Alors la Mort est vaincue. Alors le cadavre, comme celui sorti du tombeau par l’ordre souverain, va revenir à la vie, s’il est vrai que «cette défaite, cet effacement silencieux», l’agonie du monstre échoué, vont devenir «une présence». Et si les personnages, devant ce spectacle, peuvent affirmer qu’ils étaient bien sûrs, alors, de leur «solidarité avec le monstre», c’est qu’ils ont compris que cet événement ne servirait à rien, n’aurait aucun sens s’il n’était la chance, pour eux, d’une rencontre souveraine.»

... le lent travail de la pourriture fouaillant l'énorme cadavre.

C'est peut-être cette décomposition d'une baleine (souvenons-nous de la fin de la Dolce Vita) qui fait sombrer les tranquilles villageois décrits par Béla Tarr dans la folie criminelle, même si le personnage que suit le réalisateur, Janos Valushka (un homme simple, un poète, un rêveur, un fou ?) rattache explicitement, dans une intuition d'une émouvante simplicité, le monstre des profondeurs à la puissance, au jeu de Dieu, la créature biblique (Béhémoth, mais aussi Léviathan, ici confondus) ayant souvent été rattachée par certains Pères (tels Grégoire de Nysse, Ruffin et Grégoire le Grand dans ses Moralia in Job commentant le livre 40 de Job) au royaume du Mal, le Christ leur ayant même paru remplir le rôle d'une sorte de hameçon chargé de capturer Satan pour défaire sa puissance et, d'une certaine façon, le clouer lui aussi à la Croix.
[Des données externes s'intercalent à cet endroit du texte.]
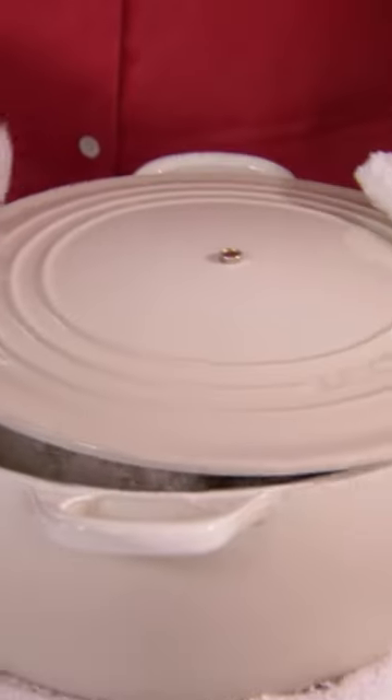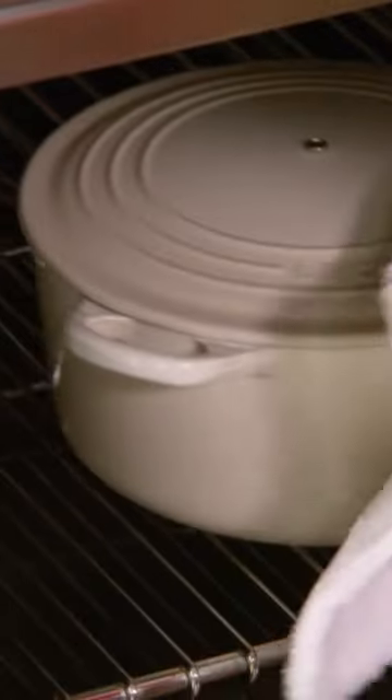I've been preheating the pot — it's going to make a really great crust on the bread. Cover the pot and this goes back into the 475 degree oven.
C'est peut-être, surtout, cette voix fanatisée (au rebours de celle de Janos qui, au début du film, parvient à plonger des ivrognes dans la magie de l'enfance) de celui que l'on appelle le Prince, que nous ne verrons jamais si ce n'est par l'intermédiaire d'une ombre contrefaite et d'une voix traduite de l'étranger, voix démoniaque comme annoncée par les rumeurs de désordres qui parviennent au village dès l'arrivée du convoi transportant la baleine, c'est peut-être cette voix qui est l'épicentre du Mal.
C'est peut-être l'invention de l'Allemand Werckmeister ayant brisé l'harmonie du clavecin, harmonie première que s'efforce de retrouver le savant musicologue, Monsieur Eszter, qui a constitué le foyer (insoupçonnable) d'infection de l'irrémédiable pandémie courant désormais d'homme en homme, de siècle en siècle, de (fausse) mélodie en (fausse) mélodie. Peu importe que nous ne puissions déterminer l'origine du Mal (l'ancienne femme d'Eszter, décrite par ce dernier comme une catin ? Ces deux enfants devenus incontrôlables ? Quelque bouleversement cosmique comme l'éclipse métaphorique du début ?), qui est ce toujours-déjà-là évoqué par Paul Ricœur et dramatiquement mis en scène, sans que nous puissions découvrir dans le tableau du maître un quelconque responsable de ce tohu-bohu, par Brueghel le Vieux, l'un des rares peintres (avec Bosch) qu'avoue aimer Tarr.